» **Data for this task**
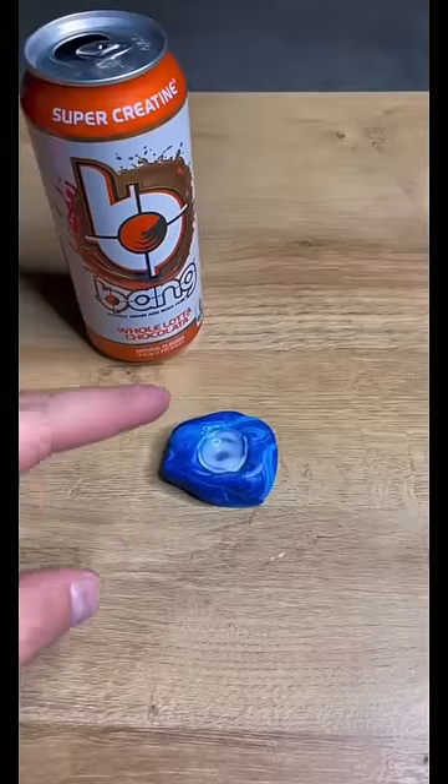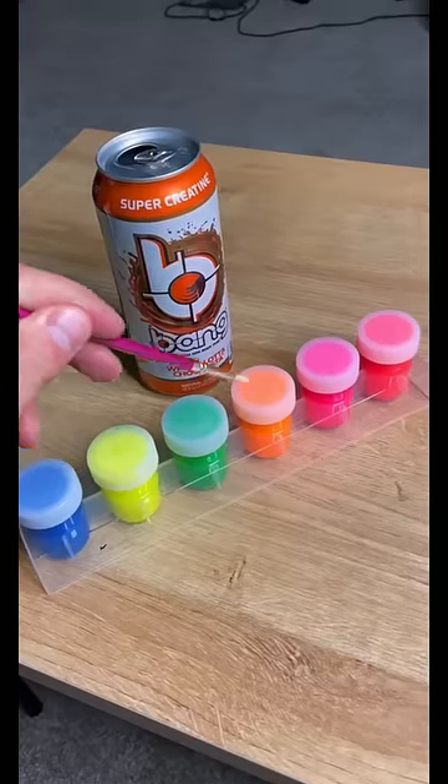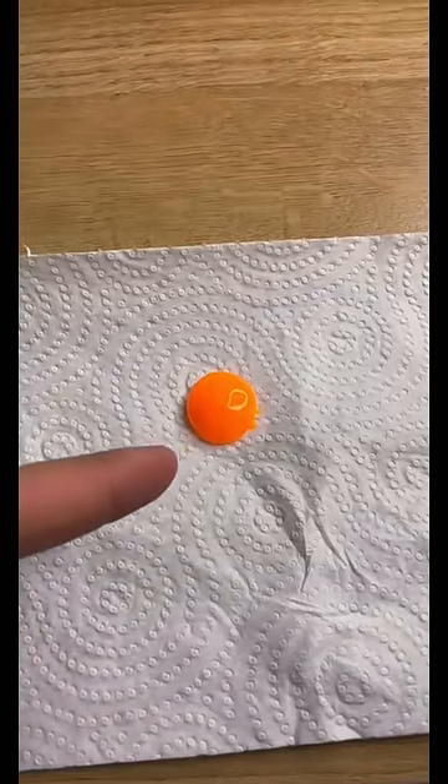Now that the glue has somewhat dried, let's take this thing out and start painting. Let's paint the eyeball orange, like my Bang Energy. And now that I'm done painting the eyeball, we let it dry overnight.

--

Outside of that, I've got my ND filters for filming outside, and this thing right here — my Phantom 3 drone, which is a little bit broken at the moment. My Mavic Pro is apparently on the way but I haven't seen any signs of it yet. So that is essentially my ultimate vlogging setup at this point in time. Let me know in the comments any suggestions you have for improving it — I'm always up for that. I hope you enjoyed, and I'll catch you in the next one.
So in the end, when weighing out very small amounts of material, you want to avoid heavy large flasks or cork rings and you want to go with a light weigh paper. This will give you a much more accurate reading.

==

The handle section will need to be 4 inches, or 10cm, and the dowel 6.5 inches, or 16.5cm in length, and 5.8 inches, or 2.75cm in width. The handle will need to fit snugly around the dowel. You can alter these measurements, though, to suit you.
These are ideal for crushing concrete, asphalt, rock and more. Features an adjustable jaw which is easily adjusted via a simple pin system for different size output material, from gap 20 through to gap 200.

» **The problem**
If a line of the listing contains the word "material", count it, then state only the total.

» **Answer to this task**
2